Everything in the entries is to be written out exactly, except for the pictures.

Records to process:
■ ■ ■ ■ ■

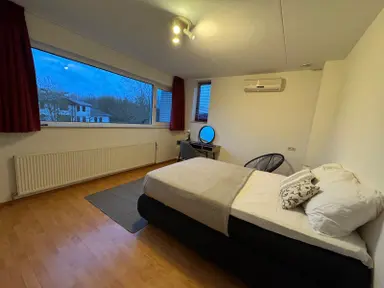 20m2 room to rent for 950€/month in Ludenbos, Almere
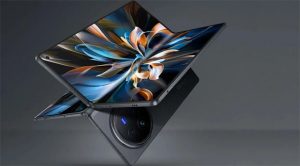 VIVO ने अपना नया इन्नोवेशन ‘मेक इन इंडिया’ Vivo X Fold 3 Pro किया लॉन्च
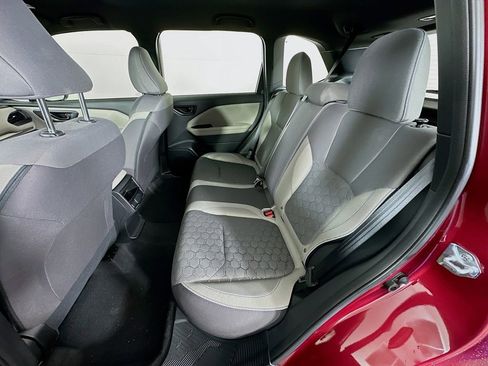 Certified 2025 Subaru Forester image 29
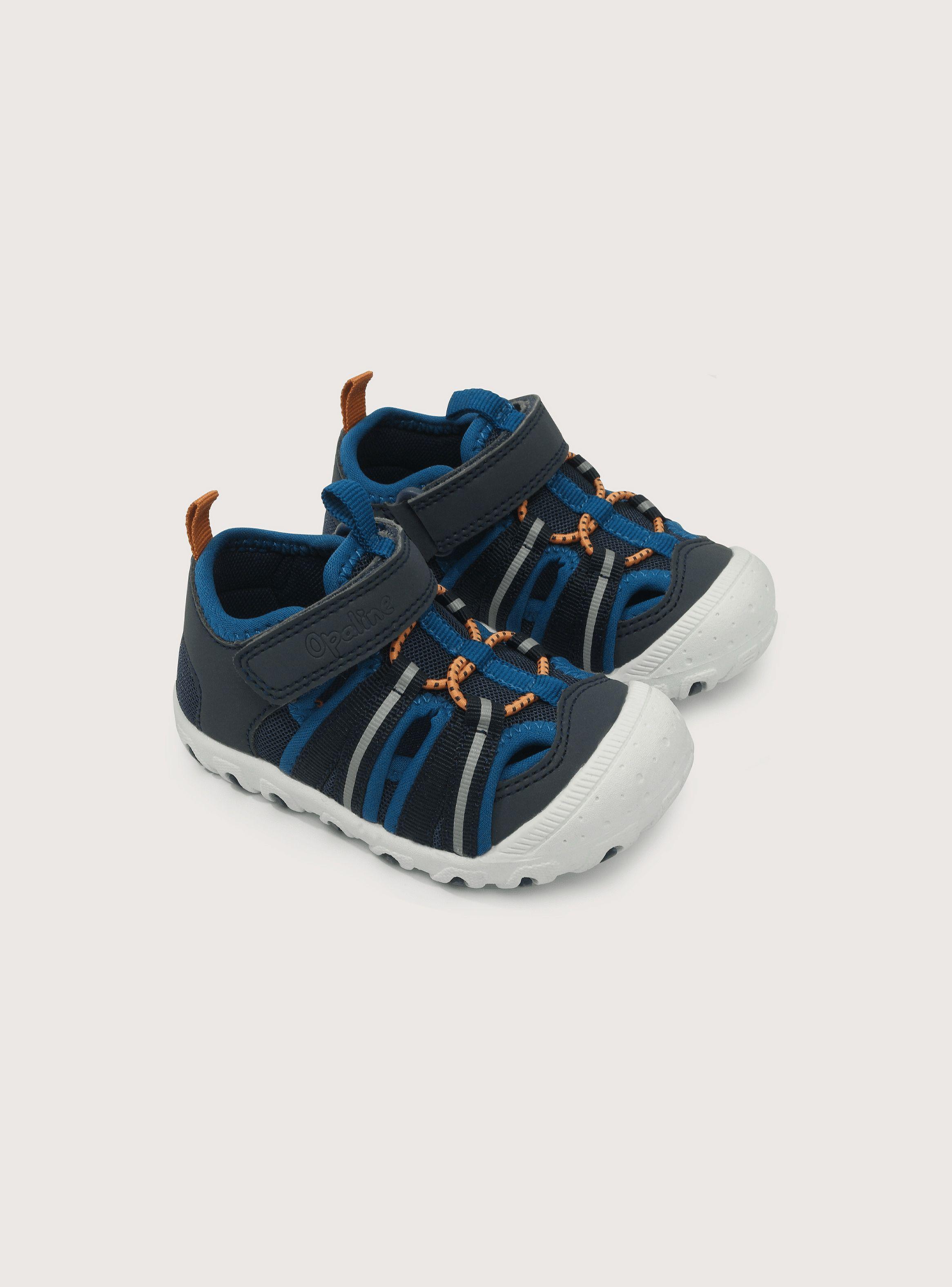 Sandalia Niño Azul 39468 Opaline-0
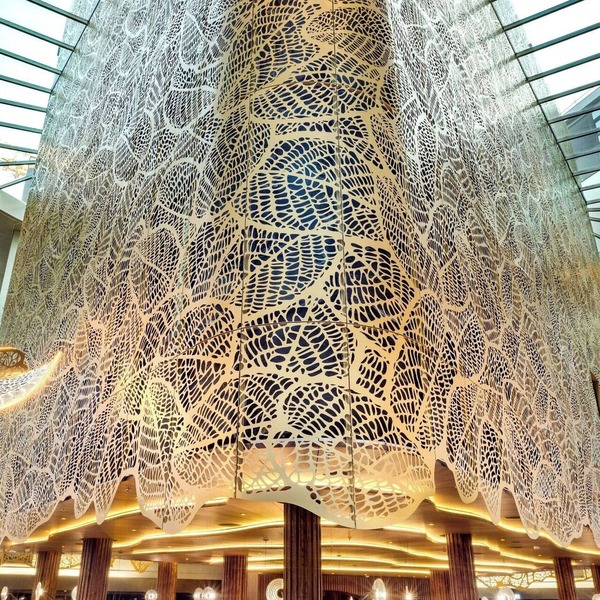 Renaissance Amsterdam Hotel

■ ■ ■ ■ ■

Written answer:
 20m2 room to rent for 950€/month in Ludenbos, Almere
 VIVO ने अपना नया इन्नोवेशन ‘मेक इन इंडिया’ Vivo X Fold 3 Pro किया लॉन्च
 Certified 2025 Subaru Forester image 29
 Sandalia Niño Azul 39468 Opaline-0
 Renaissance Amsterdam Hotel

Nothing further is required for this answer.